[Start of Attachment]

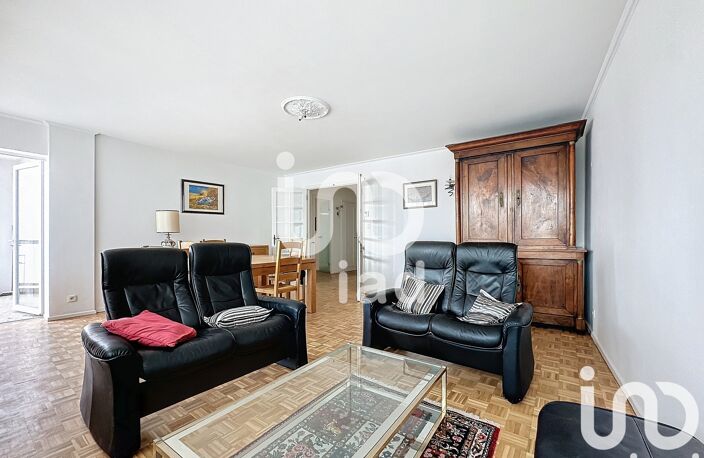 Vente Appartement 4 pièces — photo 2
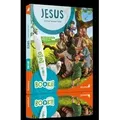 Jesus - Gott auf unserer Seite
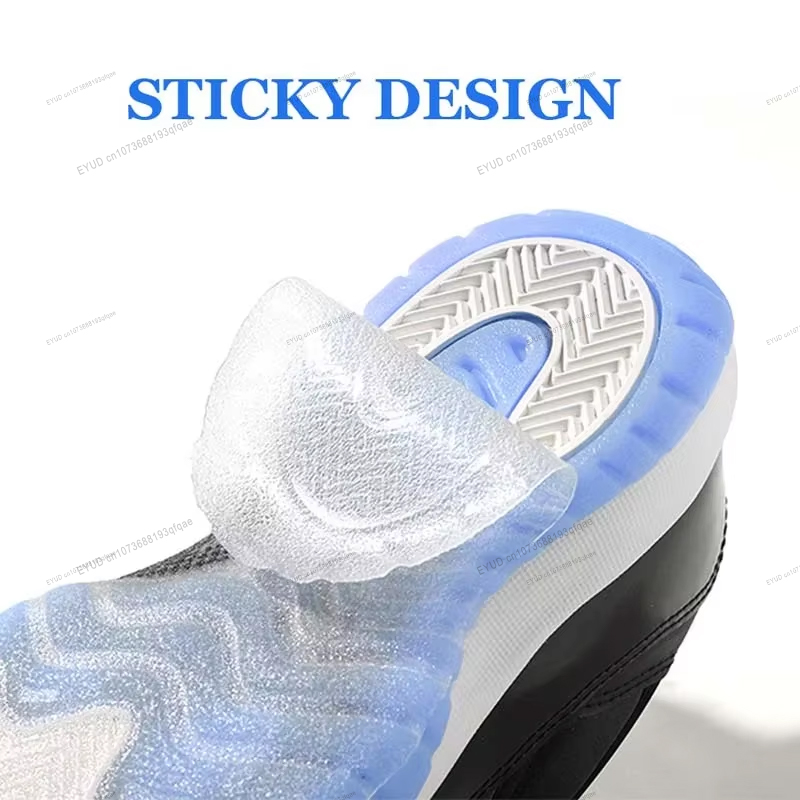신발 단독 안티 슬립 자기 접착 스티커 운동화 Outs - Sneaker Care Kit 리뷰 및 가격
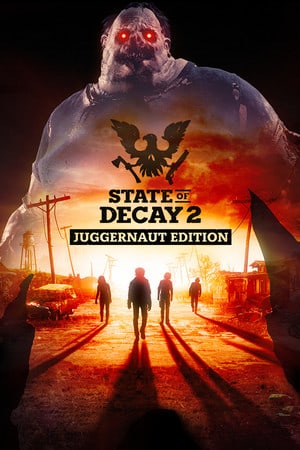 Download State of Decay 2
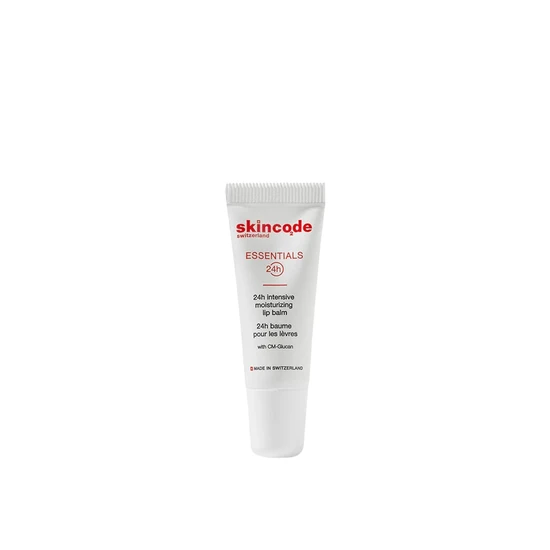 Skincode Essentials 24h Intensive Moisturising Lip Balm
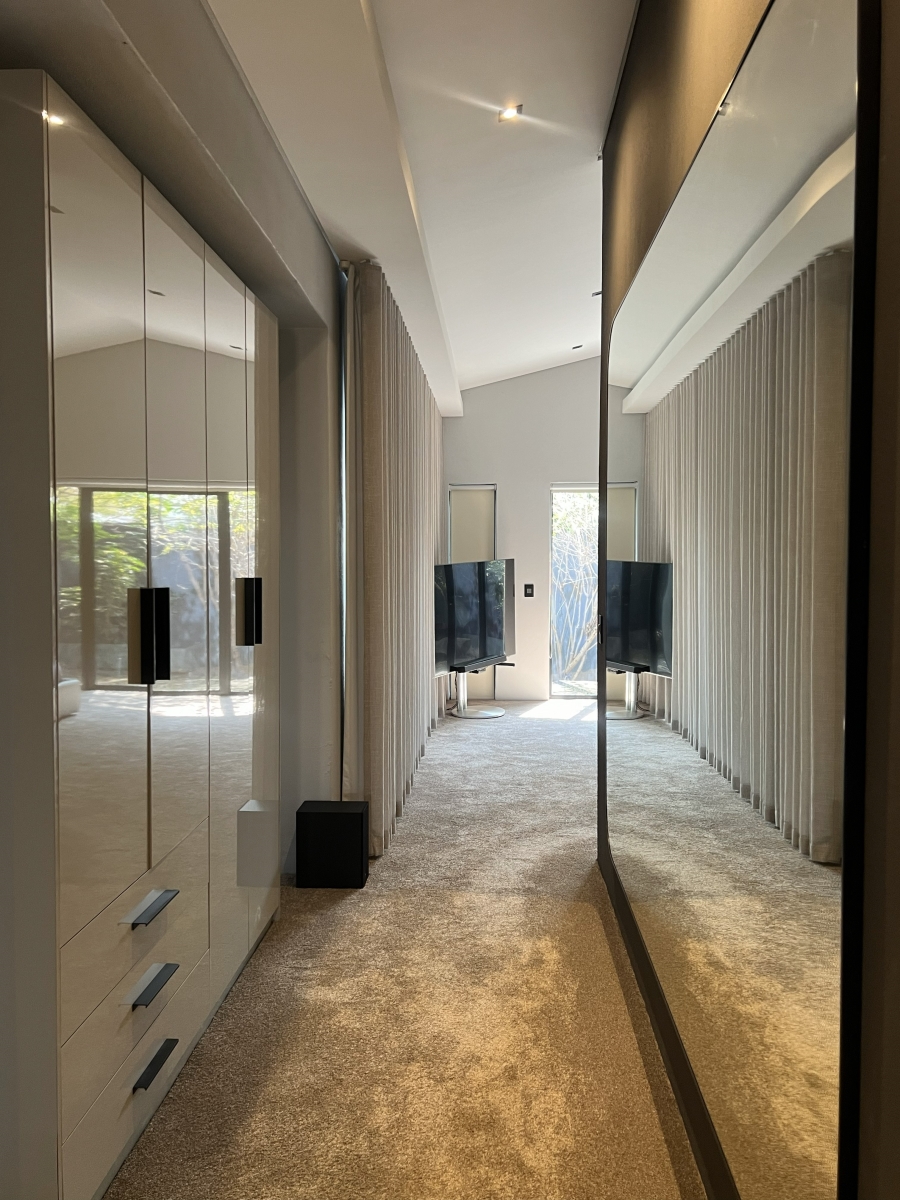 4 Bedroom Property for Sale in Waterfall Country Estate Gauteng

[End of Attachment]

Your task:
All of the data is to be returned exactly, with no pictures included.

Solution to this problem:
 Vente Appartement 4 pièces — photo 2
 Jesus - Gott auf unserer Seite
신발 단독 안티 슬립 자기 접착 스티커 운동화 Outs - Sneaker Care Kit 리뷰 및 가격
 Download State of Decay 2
 Skincode Essentials 24h Intensive Moisturising Lip Balm
 4 Bedroom Property for Sale in Waterfall Country Estate Gauteng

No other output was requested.